2011’deki siyasi krizi mezhepçi argümanlarla tırmandırmak isteyenlerin Cihat fetvaları ile binlerce yabancı militanın aktığı Suriye’de el-Kaide ve benzeri aşırıcı gruplar, 2013 yılına gelindiğinde geniş kontrol alanı kazanmıştı.
Çünkü 2012 yılından itibaren her türlü silahlı grup ‘devrimci’ ya da ‘muhalif’ diye nitelenerek desteklenmiş, bu durum Afganistan, Irak, Çeçenistan ve Libya gibi ülkelerde savaş tecrübesi kazanan başta IŞİD ve Nusra olmak üzere selefi-cihatçı grupların güçlenmesini sağlamıştı.

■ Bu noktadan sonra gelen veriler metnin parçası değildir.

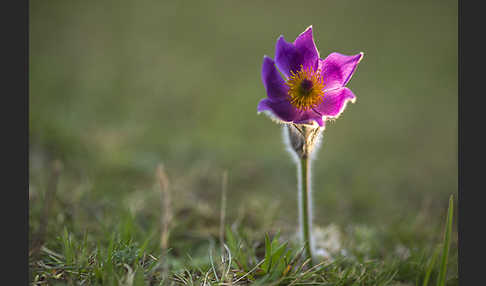 Gemeine Kuhschelle (Pulsatilla vulgaris)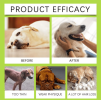 Yegbong Dog Care Drops, A Comprehensive thy Dietary Supplement To Nutrition And Rejuvenate Dogs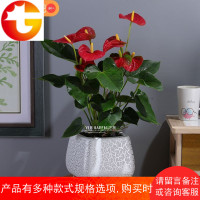 创意陶瓷花盆桌面式装饰芦荟茉莉兰花盆栽阳台清新裂纹陶瓷花盆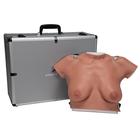 Modèle de palpation mammaire (avec valise de transport et planche murale incluses), 1000342 [L50], Education à la santé Femme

2012’den beri ‘Suriye’nin Dostları’ adı altında Suriye’deki silahlı grupları destekleyen uluslararası ve bölgesel güçler, bu kez ‘büyüttükleri canavarı’ yok etme kararı verdi.
Bir fetva ile Suriye'ye doldurulan ve yüz binlerin ölümüne, halkların vahşice katledilmesine ve yerlerinden edilmesine neden olan bu cihatçılar, şimdi onları buraya dolduran devletlerce milyarlarca dolar harcanarak, ittifaka liderlik eden ABD'nin söylemi ile belki de yıllar sürecek operasyonlarla yok edilmeye çalışılacak.
Oynanan tiyatronun tek cümle ile özeti şu: Bir fetva ile Suriye'ye cihadçı gönderen ve destekleyenler şimdi büyüttükleri IŞİD'i 40 devlet ile yok etmeye çalışıyor.
‘Suriye'nin Dostları’ tarafından Suriye halkının tek yasal temsilcisi olarak tanınan muhalifler tarafından ‘devrimin bir parçası’ ve ‘kardeşlerimizdir’ diye anılan el-Kaide'nin Suriye'deki kolu Nusra Cephesi de bu operasyonlardan nasibini aldı ve almaya devam ediyor.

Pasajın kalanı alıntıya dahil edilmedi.